▸ WHAT IS NEEDED
Find "Un salon moderne" below and begin at its line; stop after the line with "Woman in ribbed". Output those lines exactly, without pictures.

▸ RAW DATA
BEGIN

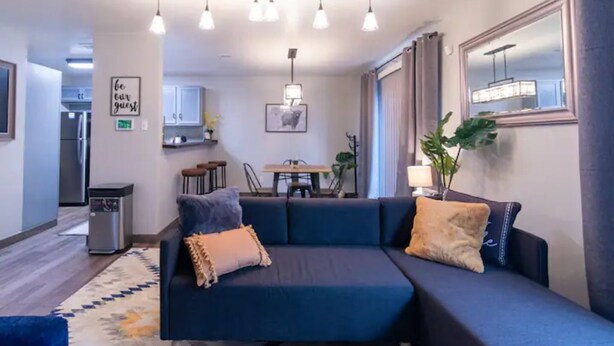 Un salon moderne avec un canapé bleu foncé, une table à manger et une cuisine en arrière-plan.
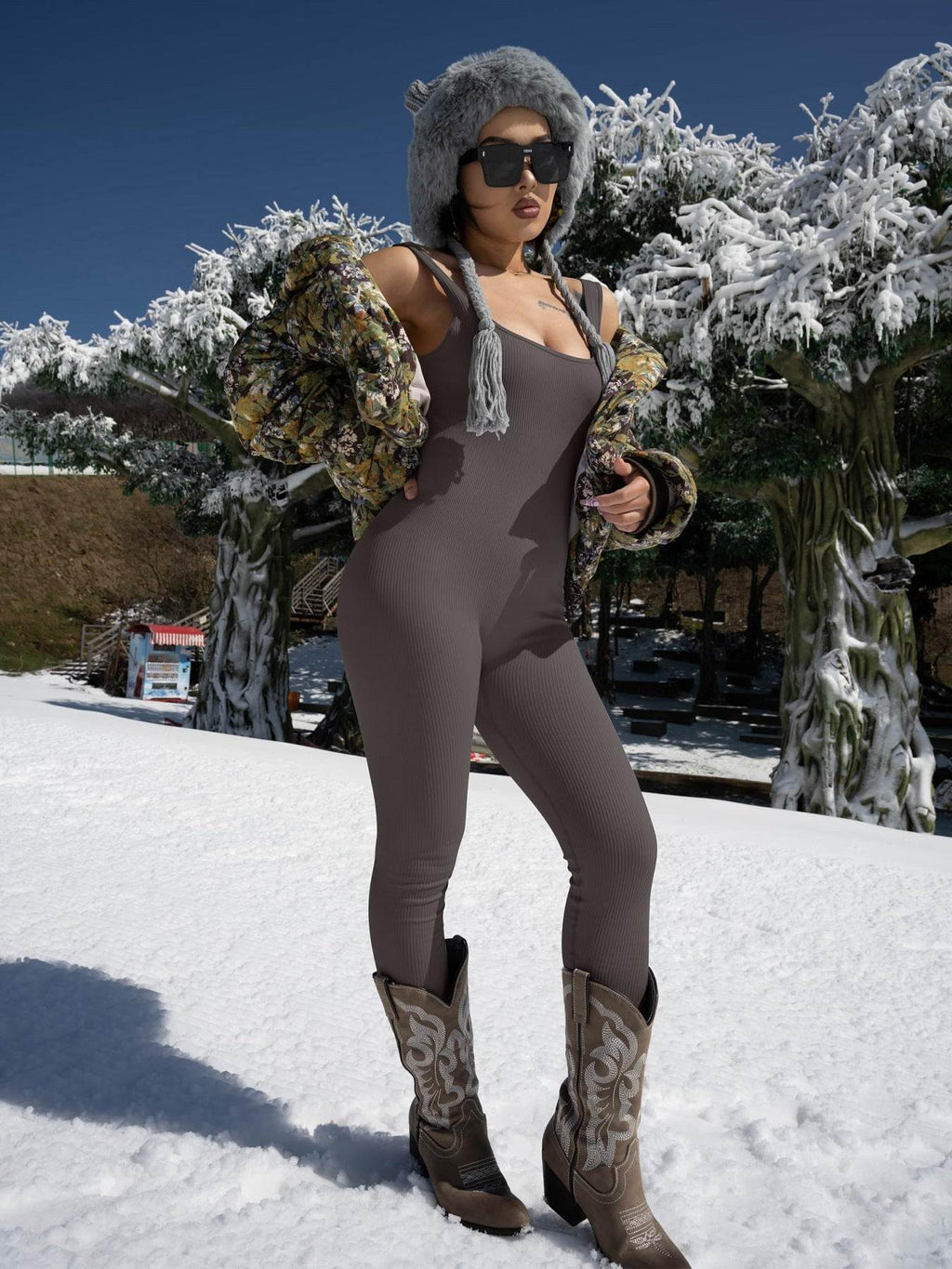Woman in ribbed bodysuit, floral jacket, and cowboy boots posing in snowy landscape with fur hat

END
BEGIN

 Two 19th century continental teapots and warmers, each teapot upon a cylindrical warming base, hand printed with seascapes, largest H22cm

END

▸ ANSWER FOR THIS EXERCISE
 Un salon moderne avec un canapé bleu foncé, une table à manger et une cuisine en arrière-plan.
Woman in ribbed bodysuit, floral jacket, and cowboy boots posing in snowy landscape with fur hat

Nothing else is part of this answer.